What idiot called it Airport Facilities Maintenance and not Hangar Management?
The enemy of my frenemy is my frenenemy
the fbi, studying my kidnapper’s proof of life photo of me, notice a morse code message of mustard stains across the front of my shirt that says: ‘we’re out of mustard’
I’m explaining to my mom this is what happens when a goth girl wished for global annihilation as she blew out her birthday candles.
My teen practicing her lawyer skills, “We’re studying Thailand, can we get Thai food to help me understand the culture better?”
Yeah? Well the Bible also tells us that abstinence isn’t 100% effective, Mary.
I miss the days when my 2yo didn’t have opinions and I could dress him in whatever I wanted.
I got tired of arguing with my kids about screen time and also tired of telling them to plug in their devices, so I‘ve stopped charging them myself and now I don’t have to argue with the kids because their devices are all out of battery
Gonna serve James Bond a stirred martini just to see if he even notices, that pretentious little shit
Fred realized too late that he should have bought a fresh sheet for his toga, when he walked into the black light party.
“No,” said the bus driver, not even taking an eye off the road. Feeling my face reddening with anger but not wanting to cause a wreck, I calmy repeated myself, “I need you to give me back my kazoo right now please.”

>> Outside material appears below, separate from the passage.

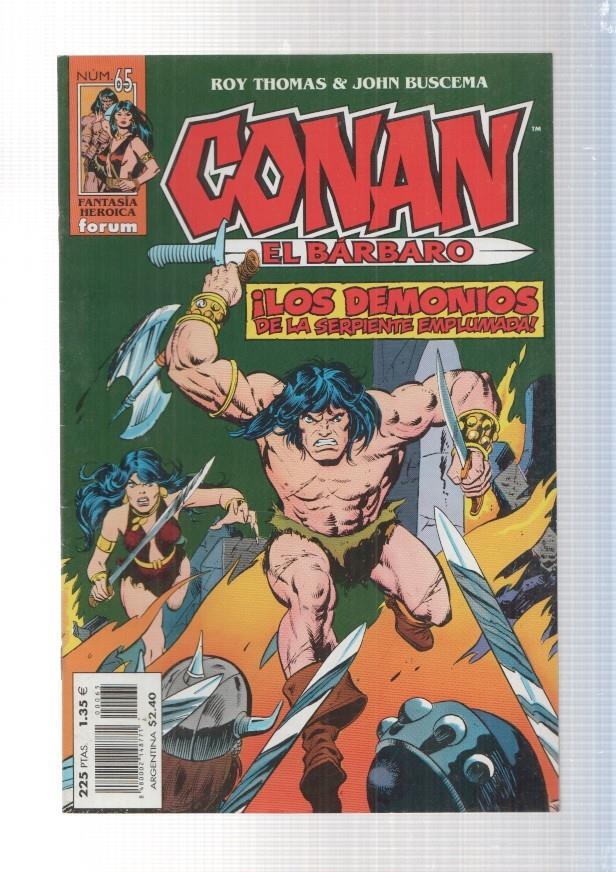 Planeta: Conan el barbaro numero 65: los demonios de la serpiente emplumada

superman: hey can i borrow your ladder? i need to replace one of the lightbulbs on my kitchen ceiling
batman: dude, you can fly…
superman: oh yeah, good point. i can just fly to home depot and buy a ladder
batman: what
NOBODY MOVE I LOST AN HOUR
NASA: you’ve been selected to spend a year on the space station
ME: wow that’s awesome
NASA: you and your entire family!
ME: oh ok no thanks
I’m in the South. I’m the only one who ordered vegetables with my dinner.

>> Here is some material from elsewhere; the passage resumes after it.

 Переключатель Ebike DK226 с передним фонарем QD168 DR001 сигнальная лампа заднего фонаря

When someone rings the doorbell I say to my kids, “I think it’s Santa Claus!” so I don’t have to get up.
As a child I had the impression that I would be offered free drugs by strangers much more frequently than the 0 times it’s happened.
St. Patrick’s Day: the day the Venn diagram for people who touch my hair for luck and the number of times I throat punch someone is just a circle.